Elixir isn't suitable for everything, but frankly your list of so-called shortcomings is pure sour grapes.
Personally I don't like FP.
is it wrong to love it then?
Haskell is one of the best in the world in this. But it also happens to be incredibly complex and also weird in it's syntax, to the point it does make code fringe and unreadable.
There is a real difference here - a language that can help you fact check your logic and reason that you are accessing a potentially null value in this context can be better if it's drawbacks don't outweight it.
Elixir isn't static so it doesn't do this but it does blow up a lot compared to other dynamic languages. It's abstraction of proccesses and threads and what not, does actually make your code more portable and more modifyable. It offers a specific paradigm for programming that works great for multiple proccesses and the whole language is built around it. So if you are going to be using that paradigm anyway it would be a better choice.

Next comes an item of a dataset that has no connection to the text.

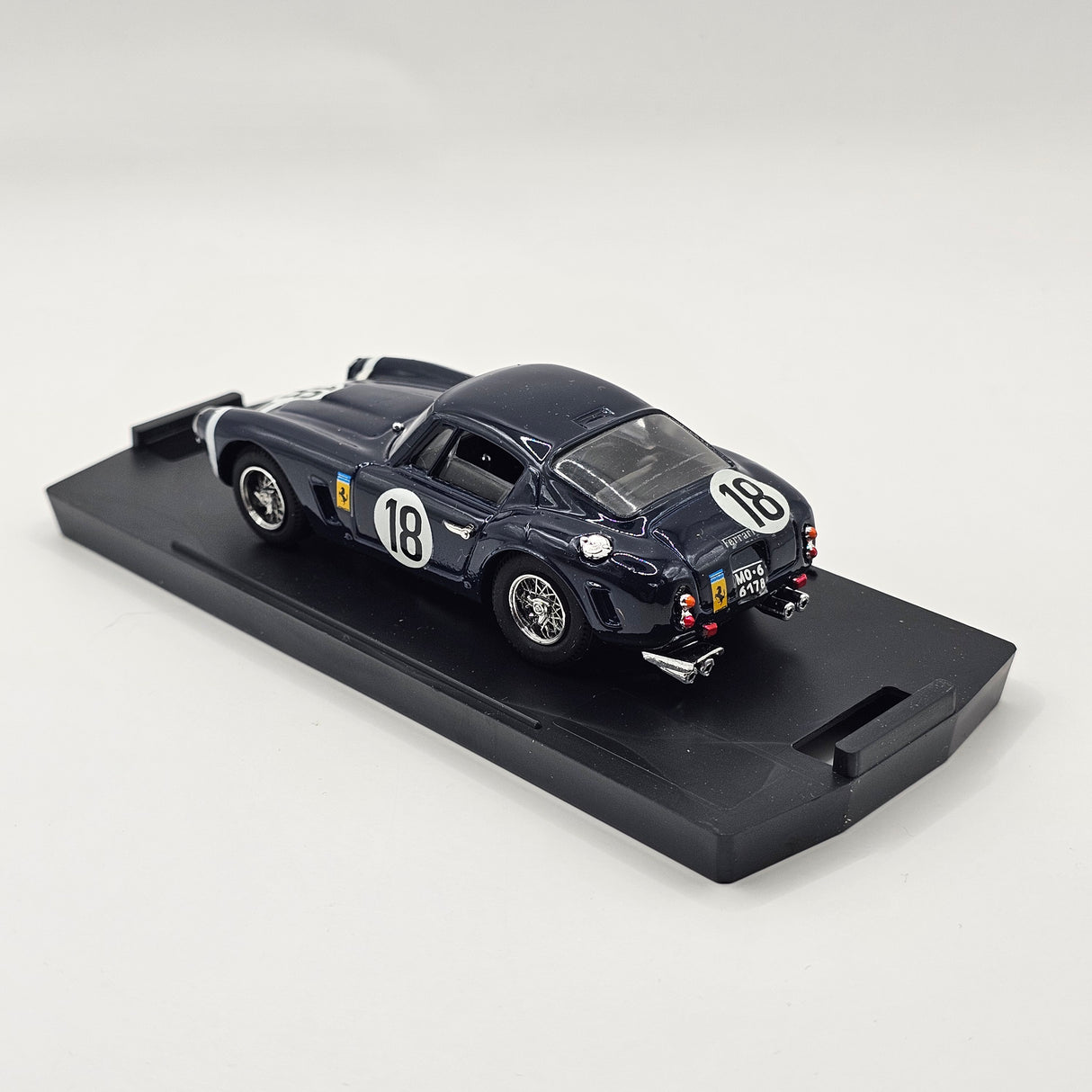 Bang Models Ferrari 250 SWB #18 Le Mans 1961 1/43 Scale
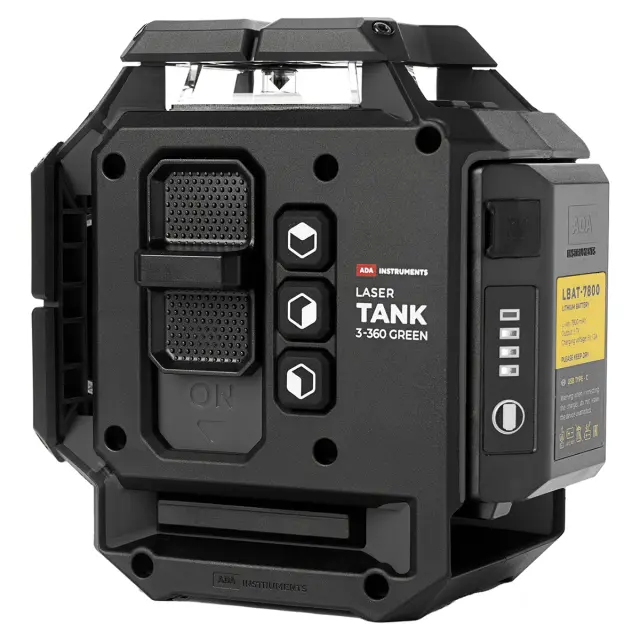 ADA LaserTANK 3-360 GREEN Basic Edition - лазерный нивелир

It's also just pretty how it fits together.
For example I have not found a language whose error handling I like - Go and Rust are super meticulous, for example and you get error handling code everywhere, which is good for stability but not great for developer experience. TS/JS/Node suffers from the opposite - error handling is an afterthought and you never know what exception will come at you and from where and bomb you whole server, so you end up relying on cloud solutions running large redundant arrays of processes. Isolation of errors within a process and message passing is a great abstraction.
Another thing is that I get to spend a lot of time on is setting up Redis/Cloud stuff to do basic queue, caching and cron. That stuff takes up time, increases complexity, creates new sources of error and grows institutional knowledge. Using a system which has those built into the language is a major improvement. Vercel/Deno/Bun/etc are solving some of the above by including them in their cloud offerings with relatively good DX, but it still increases complexity, takes you out of code and locks you in with the vendors.